◆ **What the task asks**:
Begin at the line below that holds "So I wanted" and end at the line that holds "Hi there, it's", transcribing each line exactly and skipping any picture.

::::::::::

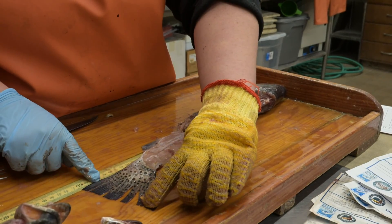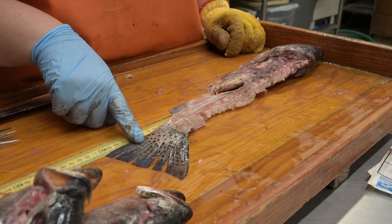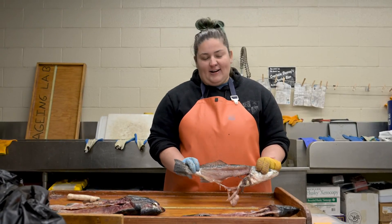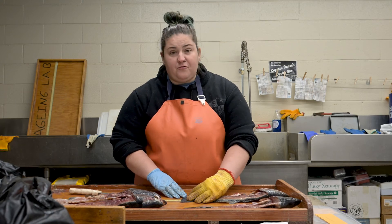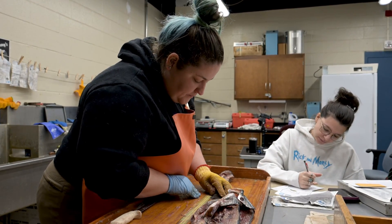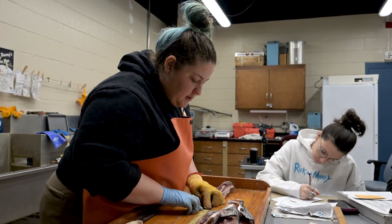I can tell that it is a speckled trout even though it's a carcass by looking at the tail and noticing that these spots come all the way onto the caudal fin. With our filleted carcass, we're going to take a length measurement. Starting with the fork length — our fork length in millimeters is 415 and our total length is 421.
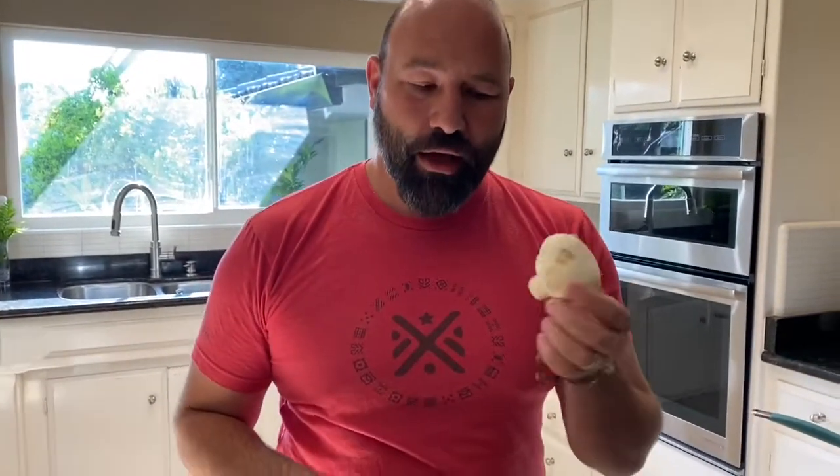You might be asking yourself, are we just putting all those ingredients together without any vegetable or meat? I forgot — you're gonna need some mushrooms too. We're gonna chop those up, sauté them, and they are gonna be delicious. You can use the white ones or the bella mushrooms, whatever mushrooms you want.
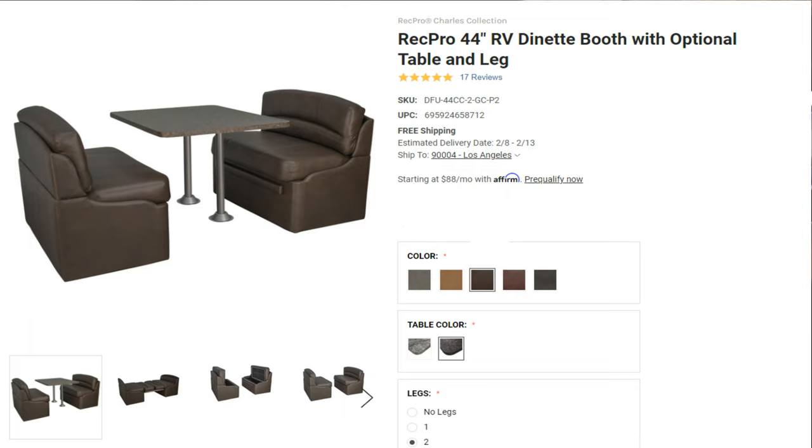So I wanted to get a classic two-bench type dinette with the table spanning all the way to the wall. So that's what we did. Here is the model we picked out from RecPro — it's the 44-inch model in chestnut.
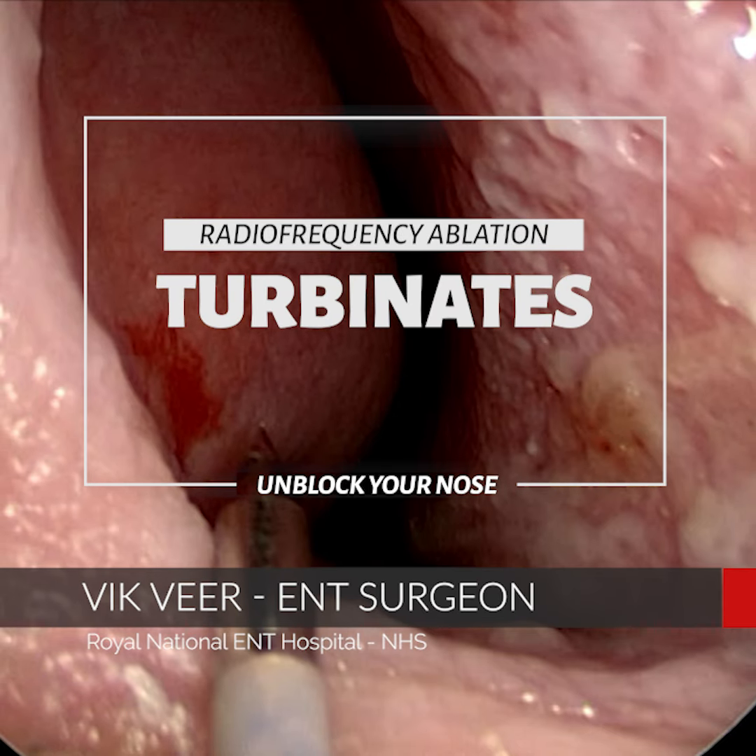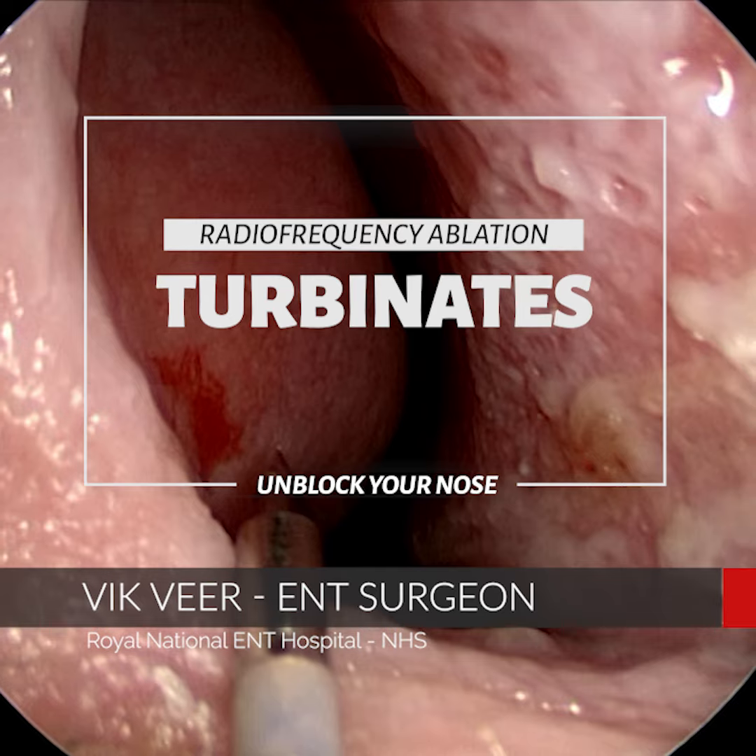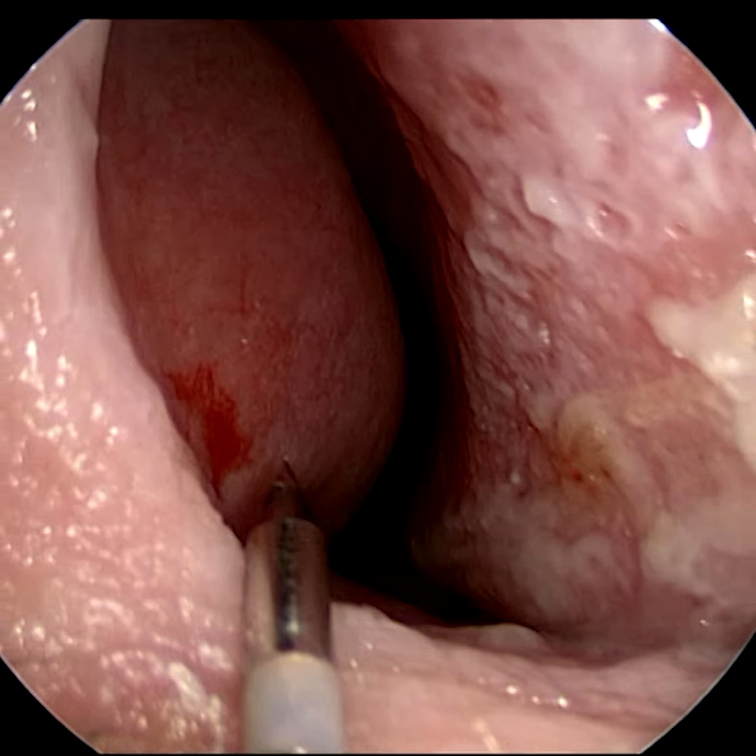Hi there, it's Vic Veer here again and this is another short operative video for you. This time I'm going to tell you all about radiofrequency ablation and what it can do for your nasal breathing.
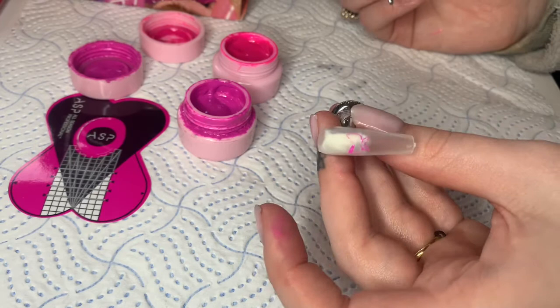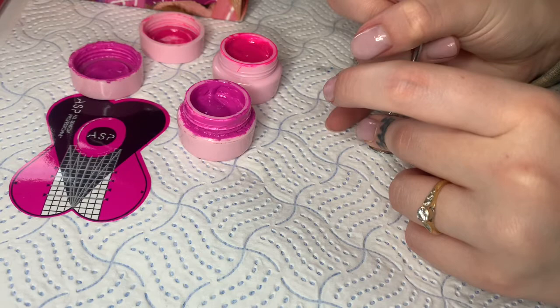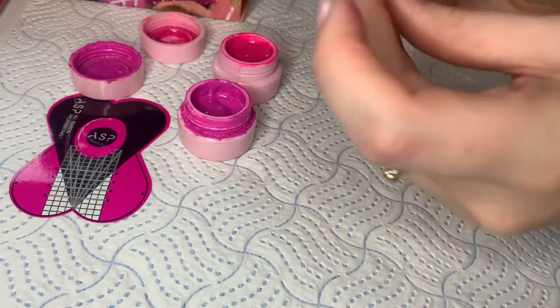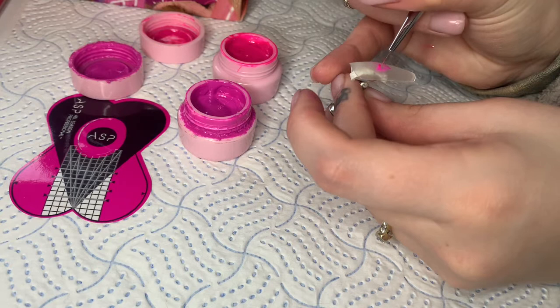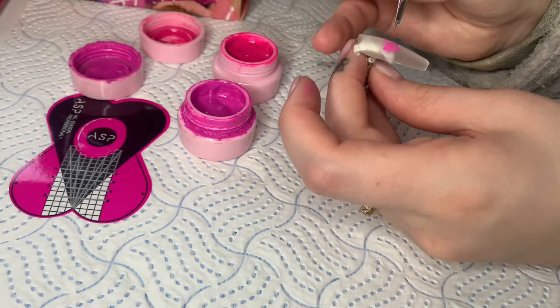Now you're going to start creating a thicker outline around the butterfly you've just drawn — or inside it — to add some more dimension so we can blend the next colour into it. This is what it should be looking like. It's really important that you don't cure it right now, because you're going to bring in the second colour and apply it right where you haven't added any paint yet, and also drag it into the purple darker colour to create a little bit of a blend.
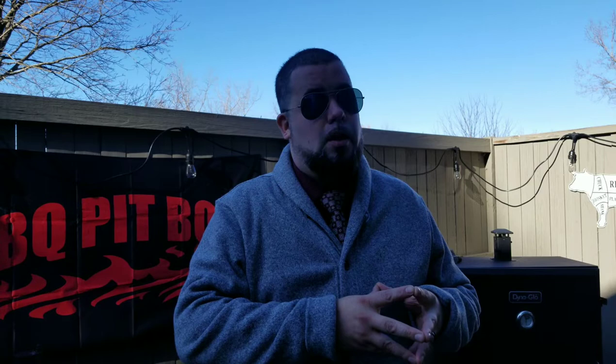If you liked that video, hit the like button, subscribe, and leave a comment down below — we'd love to hear your feedback. As always, the instructions and exact ingredients are down below in the description. Also, make sure you check out www.josephq.com for all of our secret rubs and sauces. Thanks again, everyone.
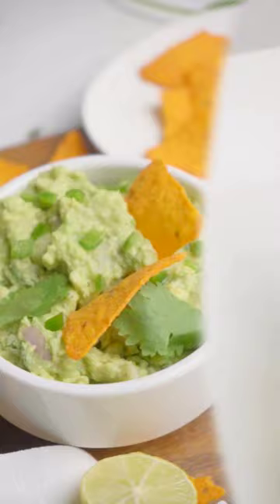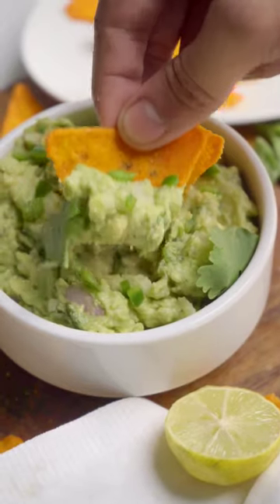This recipe is a perfect companion for your favorite chips or a mouth-watering topping for any dish.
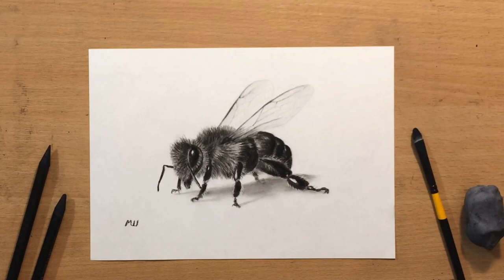Hello, welcome to my channel. In this one I'm going to show you how to draw a honeybee using charcoal. Let's start.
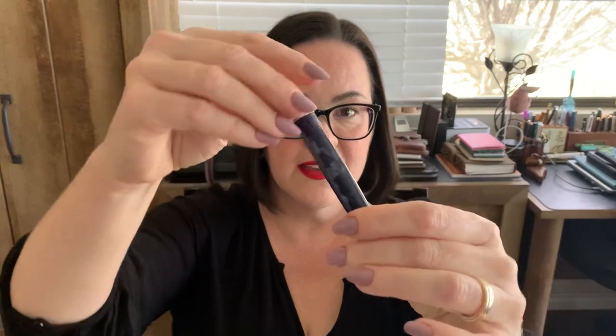One thing about this pen that is really cool is that it is a piston filling system. It will hold quite a bit of ink. I can't tell you exactly how much off the top of my head, but just by twisting the piston knob and feeling how far it goes down, it will hold quite a bit of ink.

::::::::::

◆ **Answer section**:
So I wanted to get a classic two-bench type dinette with the table spanning all the way to the wall. So that's what we did. Here is the model we picked out from RecPro — it's the 44-inch model in chestnut.
Hi there, it's Vic Veer here again and this is another short operative video for you. This time I'm going to tell you all about radiofrequency ablation and what it can do for your nasal breathing.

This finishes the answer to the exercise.